What to do =>
Everything in the data below is left aside except the lines from the one containing "And so, you" through the one containing "Hello everyone. Today"; repeat those exactly.

Data for review =>
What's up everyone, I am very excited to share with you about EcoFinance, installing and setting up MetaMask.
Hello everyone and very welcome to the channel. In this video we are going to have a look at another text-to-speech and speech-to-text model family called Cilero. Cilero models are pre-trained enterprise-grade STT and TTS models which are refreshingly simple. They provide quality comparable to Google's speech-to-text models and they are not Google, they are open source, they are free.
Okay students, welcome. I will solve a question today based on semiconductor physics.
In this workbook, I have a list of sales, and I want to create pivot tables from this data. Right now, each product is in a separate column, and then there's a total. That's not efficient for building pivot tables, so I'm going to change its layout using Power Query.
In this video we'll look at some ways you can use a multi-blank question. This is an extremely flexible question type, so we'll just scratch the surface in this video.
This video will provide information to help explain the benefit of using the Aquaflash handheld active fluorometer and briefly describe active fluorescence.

---

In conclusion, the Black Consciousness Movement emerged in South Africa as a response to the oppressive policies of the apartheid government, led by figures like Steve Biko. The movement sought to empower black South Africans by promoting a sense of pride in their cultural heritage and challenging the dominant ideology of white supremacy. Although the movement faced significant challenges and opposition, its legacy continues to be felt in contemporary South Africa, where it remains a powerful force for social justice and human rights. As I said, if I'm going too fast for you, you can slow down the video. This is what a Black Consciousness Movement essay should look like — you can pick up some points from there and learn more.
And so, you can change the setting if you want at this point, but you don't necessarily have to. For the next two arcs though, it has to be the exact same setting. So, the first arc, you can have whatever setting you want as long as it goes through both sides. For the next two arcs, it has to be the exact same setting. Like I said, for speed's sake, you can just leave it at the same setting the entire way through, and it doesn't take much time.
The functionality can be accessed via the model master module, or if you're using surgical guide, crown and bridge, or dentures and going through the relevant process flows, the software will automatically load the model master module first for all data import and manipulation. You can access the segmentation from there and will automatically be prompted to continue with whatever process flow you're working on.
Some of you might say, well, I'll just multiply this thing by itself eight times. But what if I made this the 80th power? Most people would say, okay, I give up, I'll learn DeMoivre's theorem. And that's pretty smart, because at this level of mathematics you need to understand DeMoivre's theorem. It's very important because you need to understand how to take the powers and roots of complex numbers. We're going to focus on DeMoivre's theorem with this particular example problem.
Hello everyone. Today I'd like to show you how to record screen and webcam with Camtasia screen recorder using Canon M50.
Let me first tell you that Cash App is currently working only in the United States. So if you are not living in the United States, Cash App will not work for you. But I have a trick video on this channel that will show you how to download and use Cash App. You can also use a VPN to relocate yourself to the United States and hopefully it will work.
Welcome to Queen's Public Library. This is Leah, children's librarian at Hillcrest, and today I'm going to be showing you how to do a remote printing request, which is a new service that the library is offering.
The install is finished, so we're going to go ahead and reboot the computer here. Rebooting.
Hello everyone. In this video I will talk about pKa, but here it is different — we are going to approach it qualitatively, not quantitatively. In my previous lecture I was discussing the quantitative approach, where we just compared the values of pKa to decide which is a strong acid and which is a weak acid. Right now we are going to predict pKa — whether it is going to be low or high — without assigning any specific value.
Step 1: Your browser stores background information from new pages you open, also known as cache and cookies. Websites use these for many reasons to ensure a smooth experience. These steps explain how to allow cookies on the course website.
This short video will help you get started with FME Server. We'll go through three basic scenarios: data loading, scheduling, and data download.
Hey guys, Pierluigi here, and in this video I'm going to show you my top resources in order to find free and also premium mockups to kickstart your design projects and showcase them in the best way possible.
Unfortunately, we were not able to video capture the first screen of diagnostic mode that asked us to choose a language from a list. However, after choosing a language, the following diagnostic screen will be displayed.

The completed task =>
And so, you can change the setting if you want at this point, but you don't necessarily have to. For the next two arcs though, it has to be the exact same setting. So, the first arc, you can have whatever setting you want as long as it goes through both sides. For the next two arcs, it has to be the exact same setting. Like I said, for speed's sake, you can just leave it at the same setting the entire way through, and it doesn't take much time.
The functionality can be accessed via the model master module, or if you're using surgical guide, crown and bridge, or dentures and going through the relevant process flows, the software will automatically load the model master module first for all data import and manipulation. You can access the segmentation from there and will automatically be prompted to continue with whatever process flow you're working on.
Some of you might say, well, I'll just multiply this thing by itself eight times. But what if I made this the 80th power? Most people would say, okay, I give up, I'll learn DeMoivre's theorem. And that's pretty smart, because at this level of mathematics you need to understand DeMoivre's theorem. It's very important because you need to understand how to take the powers and roots of complex numbers. We're going to focus on DeMoivre's theorem with this particular example problem.
Hello everyone. Today I'd like to show you how to record screen and webcam with Camtasia screen recorder using Canon M50.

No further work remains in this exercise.